Tengo la suerte de tener amigos que ocasionalmente me
regalan sus libros. Regalar un libro propio es algo que ni siquiera se me
ocurre, como dar una parte de un mismo, regalar un brazo. Comprar libros para
regalar, por supuesto, pero sacar uno de la biblioteca para dárselo a alguien
más es un acto doloroso para mí. Pero eso es algo para discutir en otra
ocasión.
Esta vez, he tenido la suerte de leer una de las tantas
noveletas de Ray Bradbury que no conocía siquiera de nombre. “El Árbol de las
Brujas” es una historia al estilo de aquellas películas de hace décadas atrás,
que han tenido cierta culpa en romantizar la infancia norteamericana.

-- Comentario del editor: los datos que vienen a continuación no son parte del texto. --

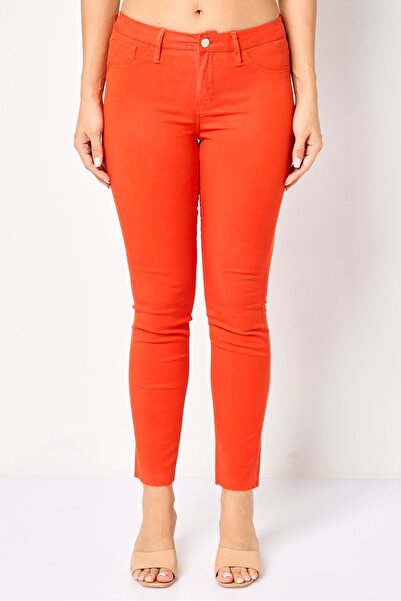 Reiko Women Skinny Fit Solid Skinny Pants, Orange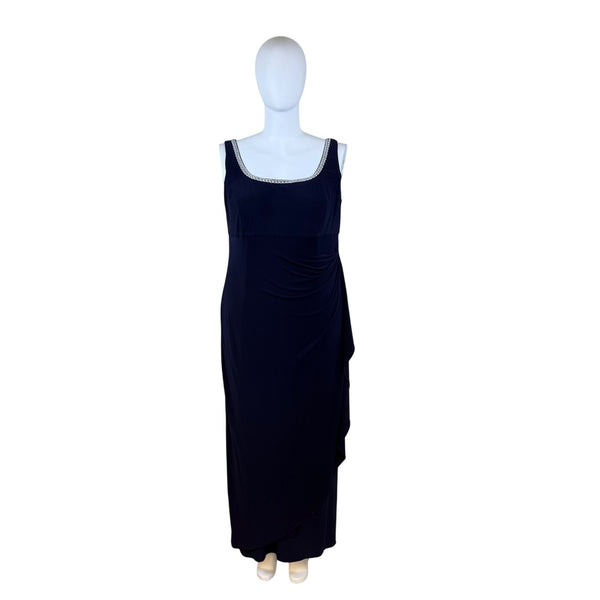 Jeanne Alexander Women's Navy Polyester Embellished Gown W/ Bolero Jacket Sz 20W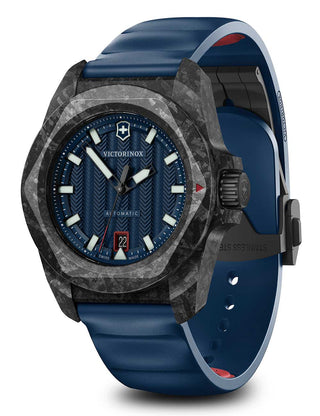 Angle shot of Victorinox 242022.1 Blue Unisex Watch on white background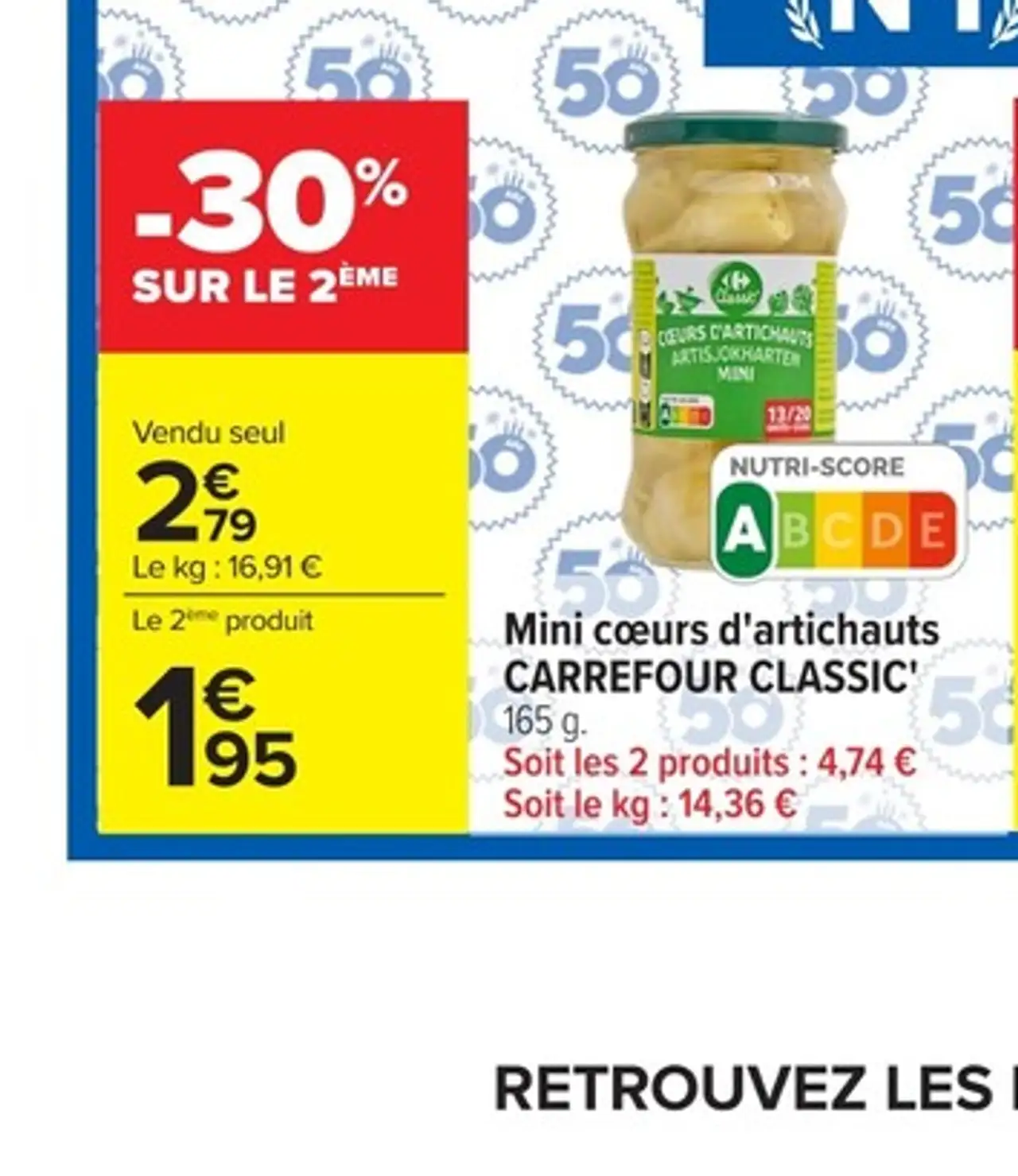 Mini cœurs d'artichauts CARREFOUR CLASSIC' 165 g.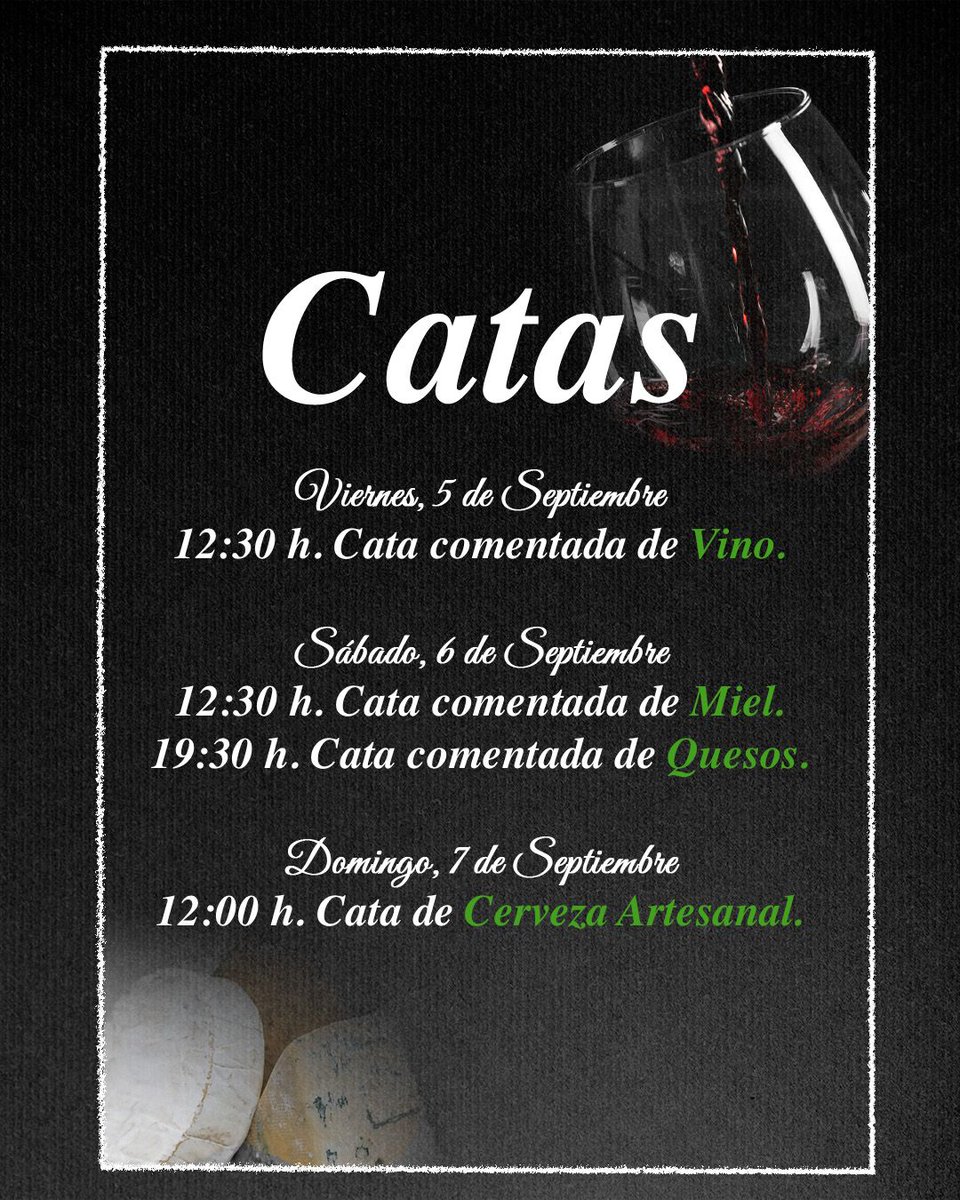 ℹ️ Se realizarán en la Carpa de Catas, La inscripción se realizará en el stand del Ayuntamiento y se abrirá dos horas y media antes de cada cata. las plazas vacantes se cubrirán por orden de llegada entre quienes no estén apuntados. Máximo 30 personas.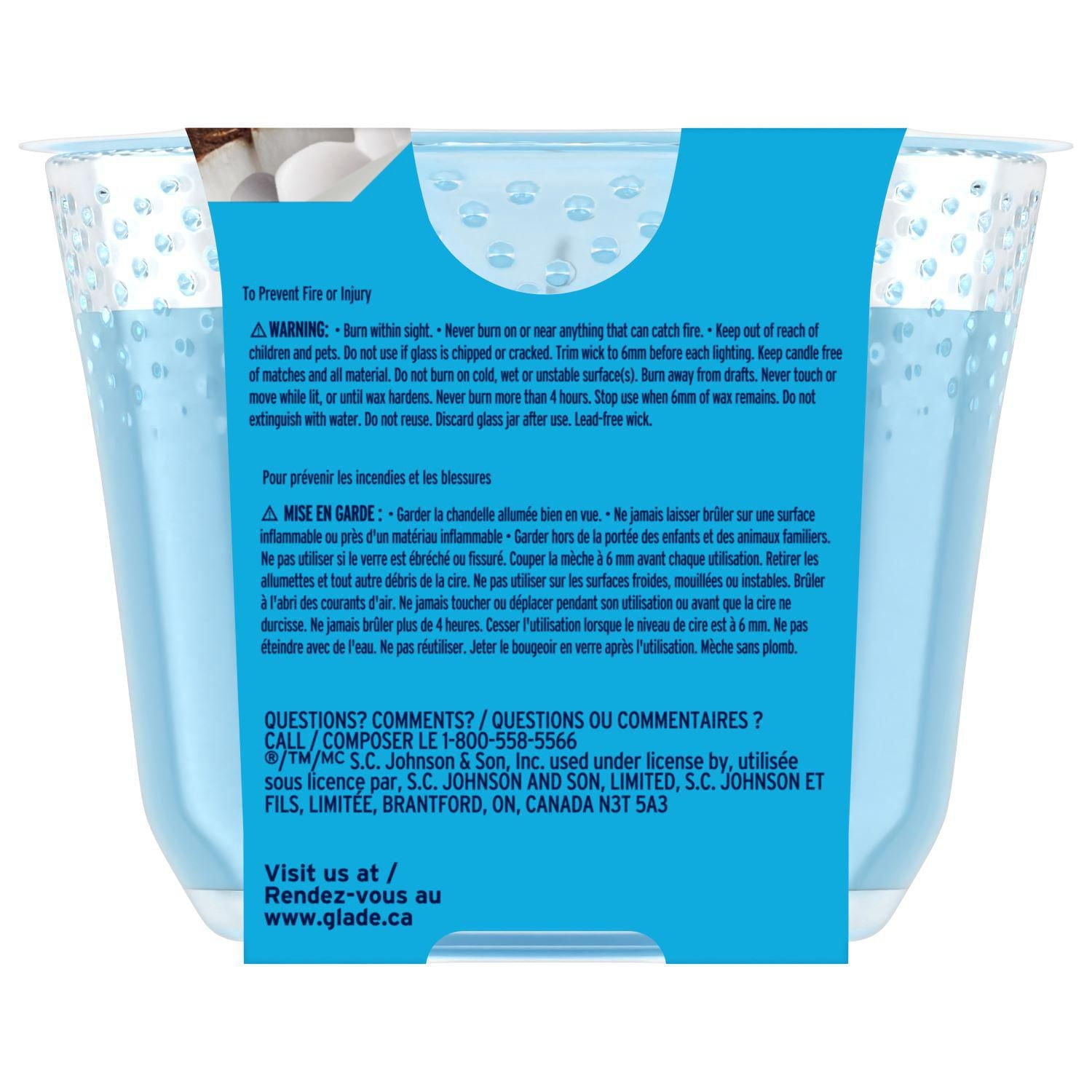 Glade® Scented Candle Air Freshener, Courageous Coconut™, 3-Wick Candle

Las películas
sobre grupos de niños teniendo aventuras, sin interferencia de adultos más que
como figuras de autoridad, que nunca pueden entender realmente lo que rodea el
mundo de los niños, generaron una cierta fantasía de una infancia de verano, en
Coney Island, de aventuras, con compañeros de tu equipo de baseball, comiendo
algodón de azúcar y andando en montañas rusas. Tal vez el exponente más
reciente de este género ha sido Super 8, de J. J. Abrahams. Durante al menos la
mitad de la película, volví a sentir aquellos sentimientos de cuando uno es
niño, y siente que entiende algo que los adultos ni siquiera pueden ver.